Pull-quote: “Production ML is not training a model. It’s the disciplines around training, registering, serving, monitoring, retraining, and retiring.”
Why this matters
Most teams shipping their first ML model on Databricks underestimate the discipline required. Training is the small part. The system around training is the large part.
The reference stack
Data ──► Feature Store ◄──── online + offline serving
│
▼
Training pipeline (Databricks Job)
│
▼
MLflow Model Registry ◄──── versions, stages, approvals
│
▼
Mosaic AI Model Serving ◄──── A/B + canary
│
▼
Monitoring (drift, calibration, performance)
│
▼
Retraining trigger (event, schedule, drift threshold)
Feature Store — point-in-time correctness
The Feature Store enforces point-in-time correctness: training features are joined as they were at the historical point in time the label was generated. This eliminates leakage that destroys offline evaluation reliability. Online serving uses the same feature definitions to keep training and serving consistent.

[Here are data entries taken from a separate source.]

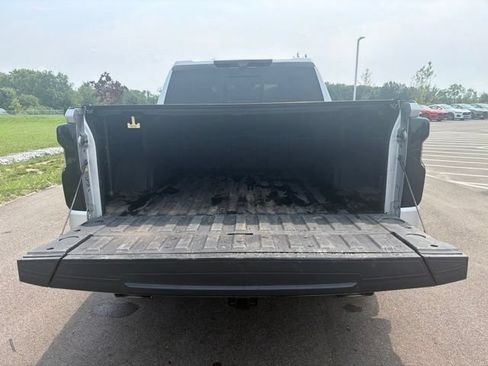 Used 2022 Chevrolet Silverado 1500 LTZ w/ LTZ Premium Package AWD/4WD image 11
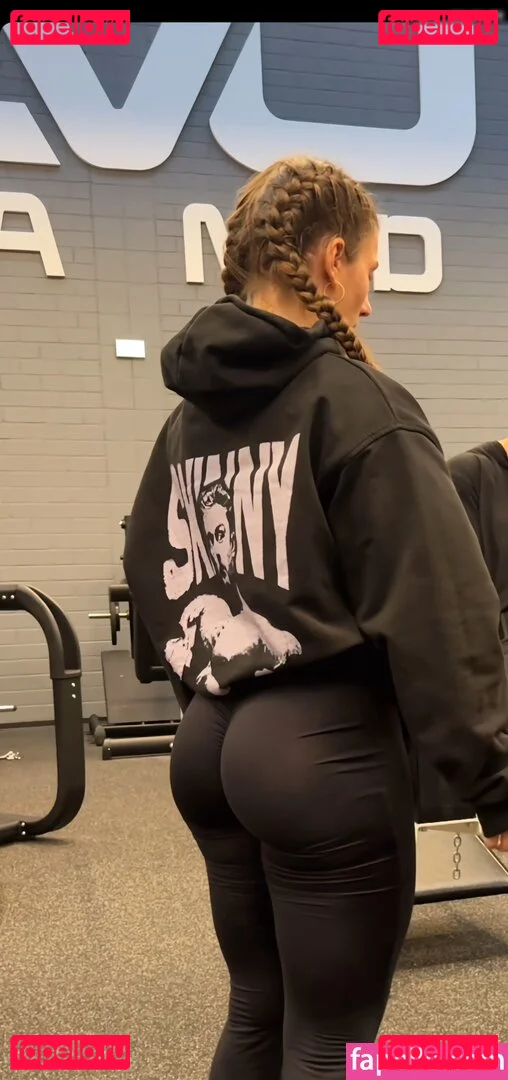 Leonie Kommoss Onlyfans Photo Gallery 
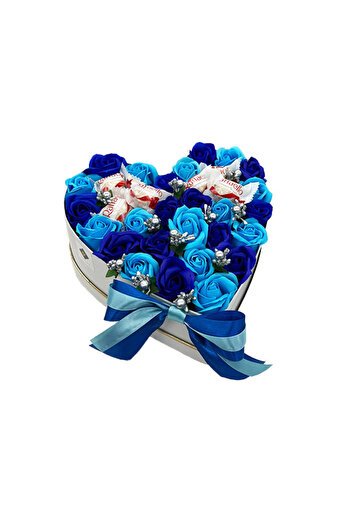 velve Aranjament floral personalizat, cutie alba in forma de inima cu trandafiri de sapun, albastru alb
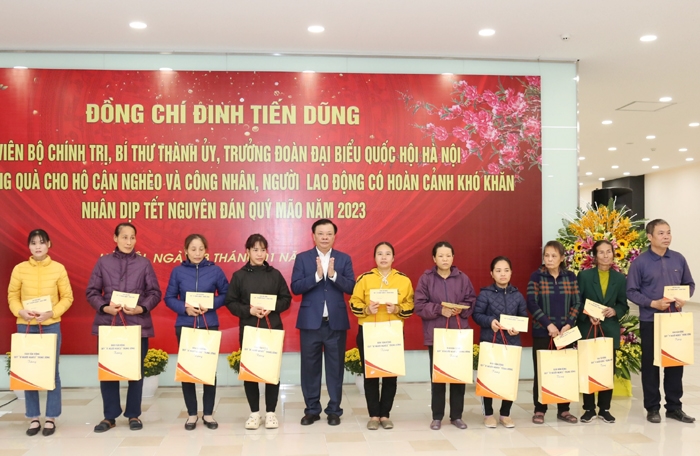 Bí thư Thành ủy Hà Nội thăm, tặng quà Tết gia đình chính sách và công nhân, lao động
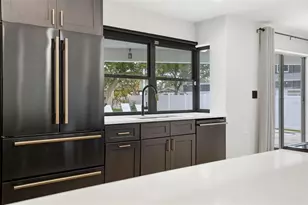 330 Patica Rd NE, Saint Petersburg, FL 33702 - Photo 9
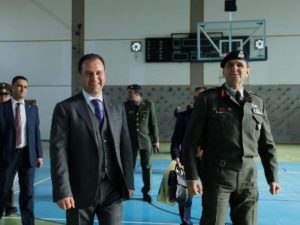 Министр обороны Армении встретился с обучающимися в военно-учебных заведениях Греции армянскими курсантами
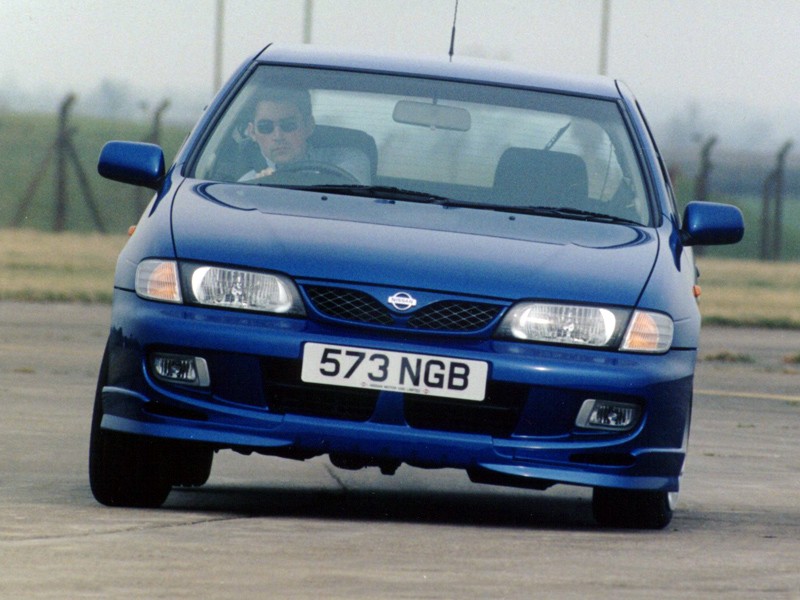 Nissan Almera / Pulsar 3 Doors photo 3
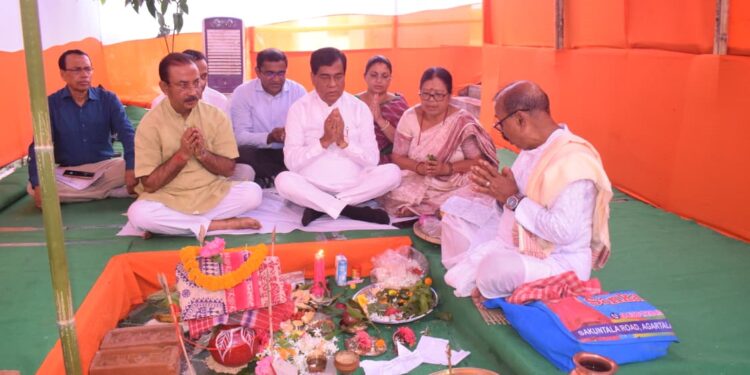 পুরনো জেল সংলগ্ন এলাকায় আগরতলা পুর নিগমের ২২ নম্বর ওয়ার্ডের নতুন অফিস ভবন নির্মাণের সূচনা। সোমবার ভিত্তিপ্রস্তর স্থাপন ও ভূমিপূজা অনুষ্ঠানে উপস্থিত ছিলেন রাজ্যসভার সাংসদ রাজীব ভট্টাচার্য, ডেপুটি মেয়র মনিকা দাস দত্ত, কর্পোরেটর তথা মেয়র ইন কাউন্সিল হিমানী দেববর্মা-সহ অন্যান্য আধিকারিক ও জনপ্রতিনিধিরা।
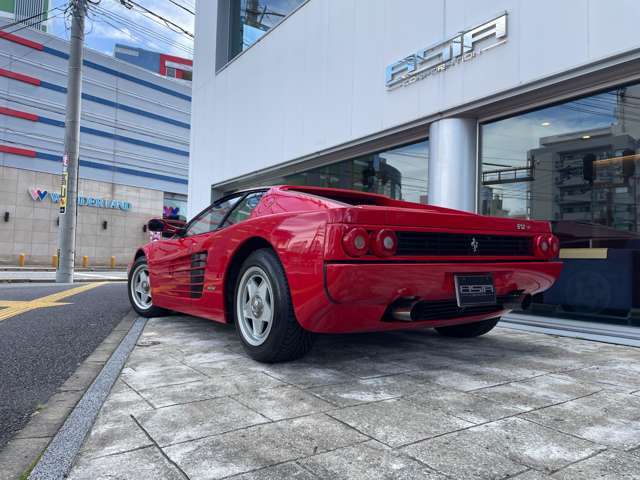 リアのお写真となります。テールは純正F512Mに変更しております。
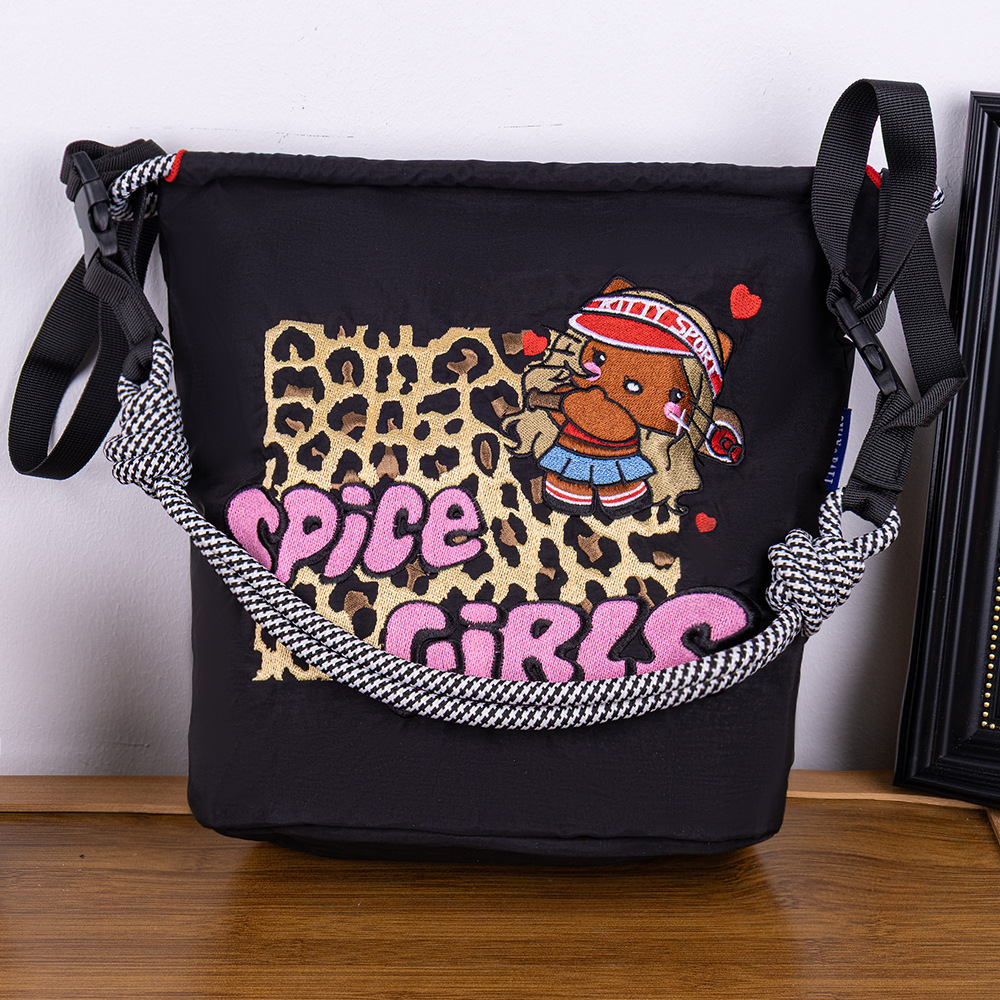 [ジッパーバケットバッグ]新しい調節可能なファッショナブルな刺繍ショッピングバッグ、多用途、軽量、ポータブルショルダークロスボディバッグ、トレンディ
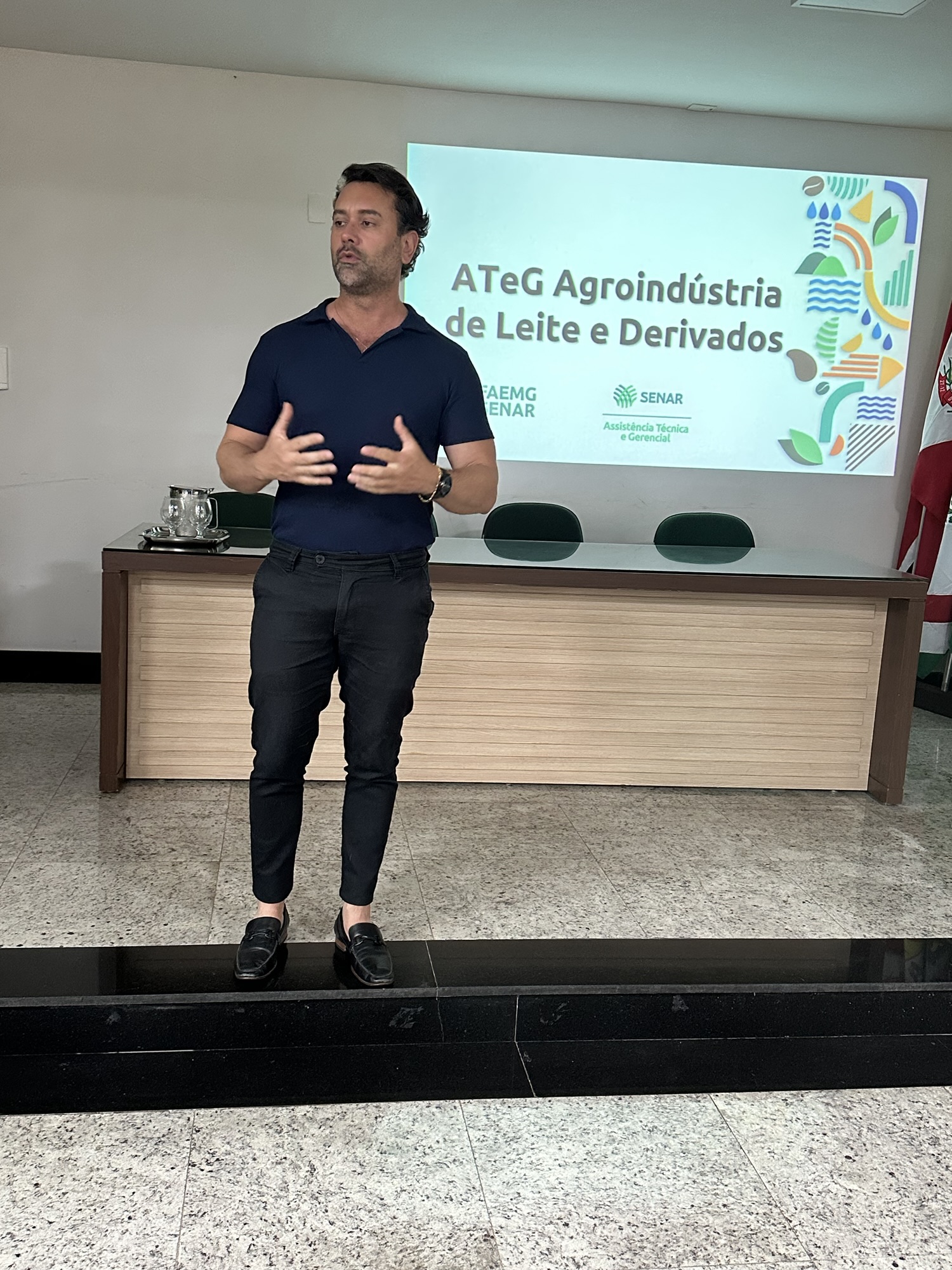 O CONSMEPI deu início ontem (07) a uma nova fase do Programa de Assistência Técnica e Gerencial (ATeG), oferecido pelo SENAR, voltado para produtores que desejam registrar seus produtos e agroindústrias. 🌾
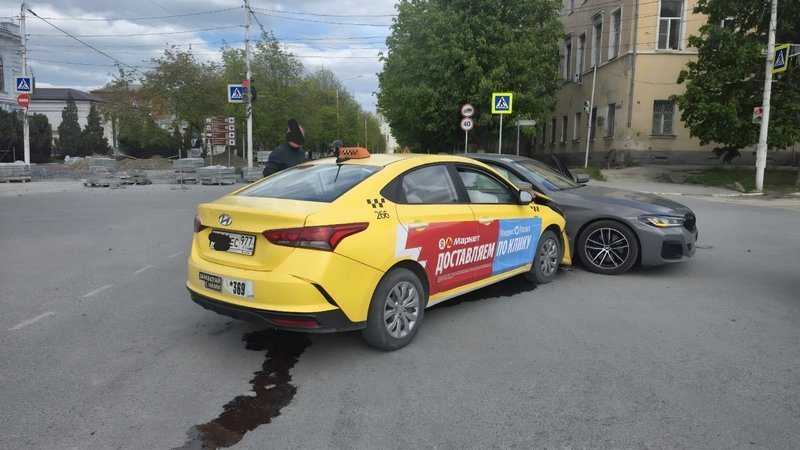 При повороте налево на Платовском водитель БМВ не пропустила встречный Солярис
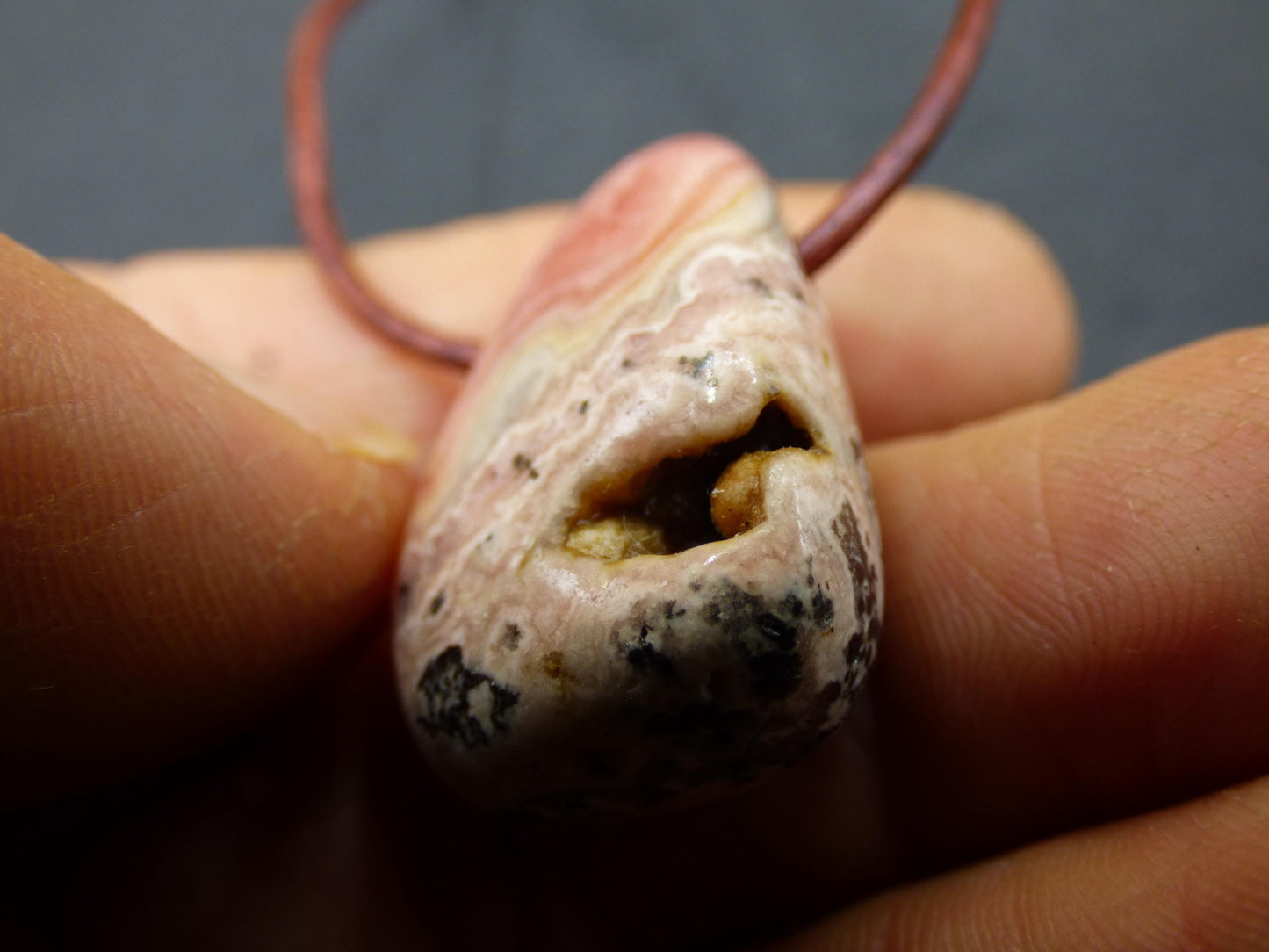 Rhodochrosite A - Collier de pierres précieuses rose pierre de guérison He She Homme Femme Cadeau Chanceux Pendentif HIPPIE GOA Boho Tibet Ethnique Naturel Unique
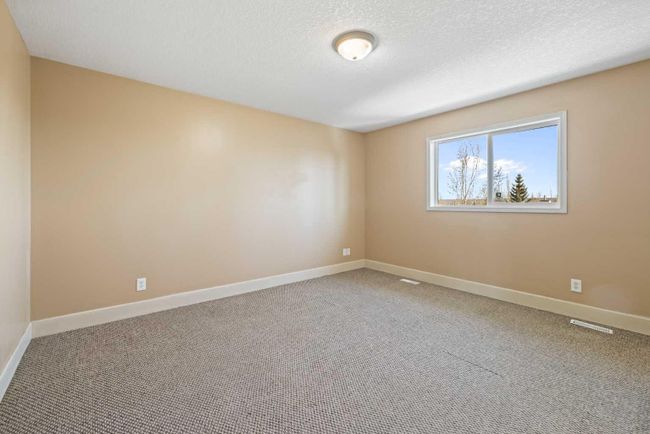 41 Valley Crest Close Nw, Home with 3 bedrooms, 3 bathrooms and 4 parking in Calgary AB | Image 22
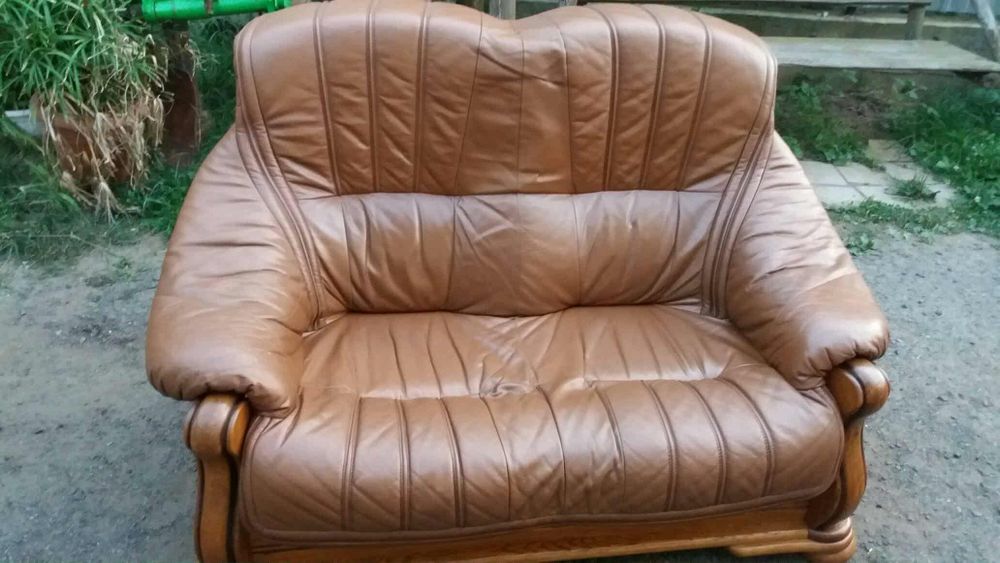 Продам шкіряний комплект меблів (диван) 3+2+1!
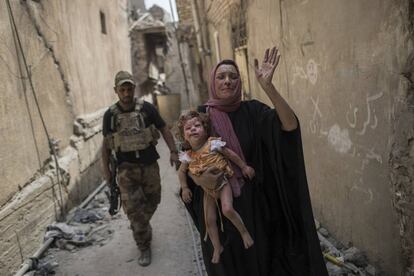 Una mujer sostiene a una niña herida mientras las fuerzas iraquíes continúan su avance contra los militantes del Estado Islámico en la ciudad vieja de Mosul (Irak), el 3 de julio de 2017.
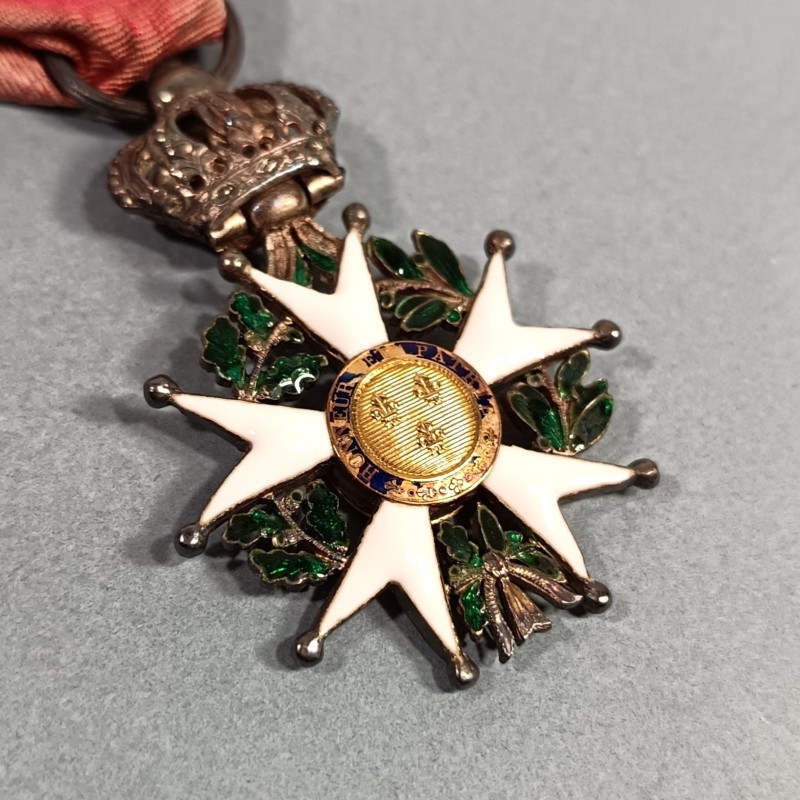 FRANCE MEDAILLE DE CHEVALIER DE L'ORDRE DE LA LEGION D'HONNEUR MODELE 3/4 DE TAILLE RESTAURATION LOUIX XVIII CHARLES X 1814 1830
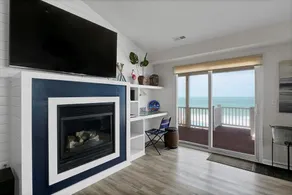 Oceanfront Bliss - Spacious Beach Cottage for up to 11 Guests - Image 3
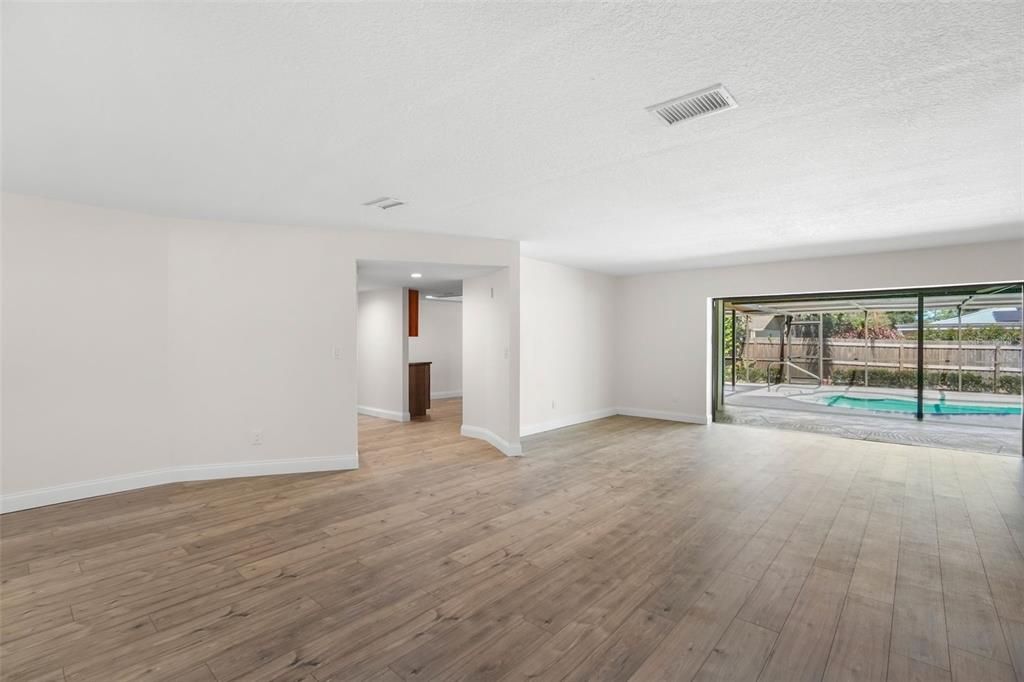 For Sale: $839,900 (3 beds, 3 baths, 2491 Square Feet)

MLflow Model Registry — lifecycle stages
Models progress through stages with explicit gates:
| Stage | Gate |
|---|---|
| Staging | Passes regression suite + calibration checks |
| Production | Passes A/B + canary criteria |
| Archived | Replaced by a newer Production model |
Every stage transition is logged with the user, the reason, and the metrics that justified it.
Calibration-first evaluation
We require every model to ship with Expected Calibration Error (ECE) and conformal prediction intervals (LACP). Headline accuracy is reported but is not the gate.
| Gate | Default threshold |
|---|---|
| ECE | < 0.02 on holdout |
| Reliability diagram | No bin > 0.05 deviation |
| Conformal coverage | Within 2pp of stated coverage |
| Performance regression | No metric below the prior production model |
Mosaic AI Model Serving — A/B and canary
Traffic splits and canary rollouts are first-class. New versions get 5% of traffic, observed for SLAs and metrics, then ramp. Rollback is one click.
Monitoring — drift, calibration, performance
Three things to monitor:
- Feature drift — input distribution shift
- Calibration drift — ECE moving
- Performance drift — labeled outcomes degrading
Monitoring runs as a Databricks Job. Alerts go to Slack / Teams / PagerDuty.
Closing
Production ML on Databricks is straightforward when the stack is right: Feature Store for consistency, MLflow Registry for lifecycle, Mosaic AI Model Serving for delivery, calibration-first evaluation, and disciplined monitoring. The training is the easy part.